When he was in the hospital, drugged up on painkillers, a strange man approached him and told him about a special research program to rehabilitate athletes and make them superhuman. He was taken to an Ultratech lab and shown a production line creating cybernetic implants, and then given a demonstration of this tech’s miraculous powers. TJ was mesmerized and signed a contract on the spot, essentially handing over his life, career and potential earnings to the megacorporation.
Surgeons implanted titanium shafts into his forearms to add bone-crunching strength to his punches. At first TJ relished this newfound strength, and started training in earnest at an Ultratech facility. They put him through an array of tests, analyzing every aspect of his fighting style and even recording his brain waves when he fought. And they cut on him again and again.

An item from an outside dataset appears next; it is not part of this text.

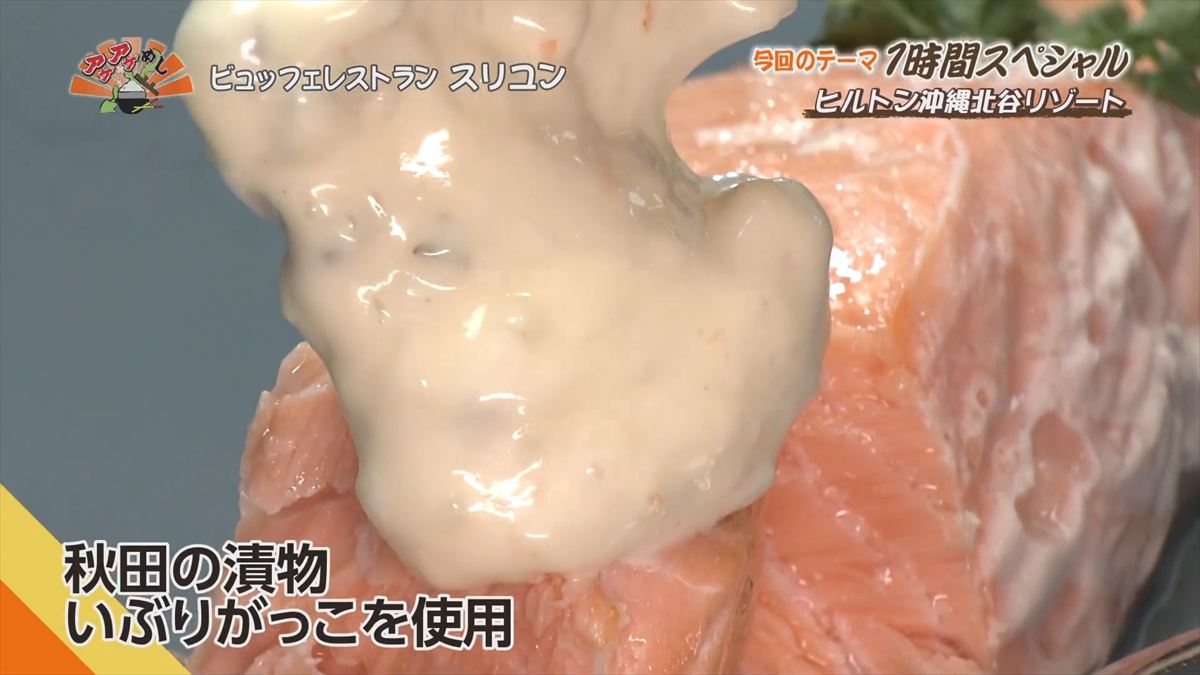 ヒルトン沖縄北谷リゾート（北谷町美浜）｜OTV アゲアゲめし 2025年12月16日放送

Within six months he’d won back the title, pushing in his opponent’s face and putting the man in the hospital. Ultratech took the lion’s share of the purse and ordered him to live at their facility like a caged animal. He was watched day and night. TJ looked in the mirror one morning and saw a man wearing an iron slave collar staring back.
Ultratech forced TJ into fighting one of their Mark 01 Fulgore battle cyborgs in a highly publicized exhibition bout to show off their new military technology. ARIA—the artificial intelligence mind behind Ultratech—wanted to prove that her machine was better than a human. TJ was ordered to throw the fight just in case, but he went into the ring filled with a rage that made him mighty, and he pounded that metal man into the floor. To punish him ARIA leaked the information about TJ’s cybernetic implants to the press. “We made him a champion,” she announced. “He’s nothing more than an Ultratech product.” TJ was stripped of his title belt and banned from boxing for life.

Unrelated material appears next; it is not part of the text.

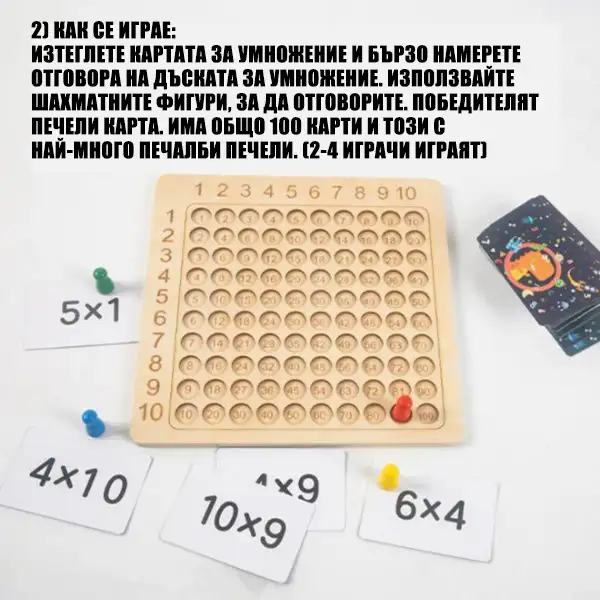 media 1490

That night TJ cut the cybernetic implants from his arms, screaming in agony as he pulled the metal from his flesh. He staggered to the local hospital and got them to stitch him up. His arms healed up fast. Too fast. He realized that Ultratech had done something more to him when they’d put him on the operating table and cut him open. They’d messed with his DNA.
His flesh healed fast, but his soul took longer. Using the little money that he had left to himself he leased his old gym on the South Side and slowly started to fix it up. He named it the “Combo Gym” and started training young fighters. He put up an American flag out front to remind him of his dad.
One day a man came around asking about him. A guy with a strange accent. He told TJ that people had been watching him—a group called the Disavowed. Their goal was to utterly destroy Ultratech and they wanted to enlist him. The foreigner showed TJ information linking his former manager to Ultratech. The megacorp had been playing the fighter for years. They’d bankrupted him so that they could get him in their clutches and study him like a lab rat. And now the Disavowed was offering to help TJ get even.
TJ told them everything that he knew about his procedures, and every detail about the Ultratech facilities and the cybernetic labs where he’d been operated on and trained. He even gave them his bloodstained implants.
The Disavowed starting feeding TJ information, enabling him to track down Ultratech agents, like the assassin Sadira. After a while TJ and the spy Orchid became friends, and infiltrated Ultratech together. He joined her on another mission to South America and the headquarters of the Night Guard to meet its last surviving member—the monster hunter Maya—and the warrior-monk Jago. But then they were attacked by an Ultratech army of Fulgore and Riptor units. TJ was ready to go out swinging. And then, by some miracle, the army suddenly called off the attack and retreated.
The boxer had survived another round and will continue his training, hoping to live up to the nickname “Combo.”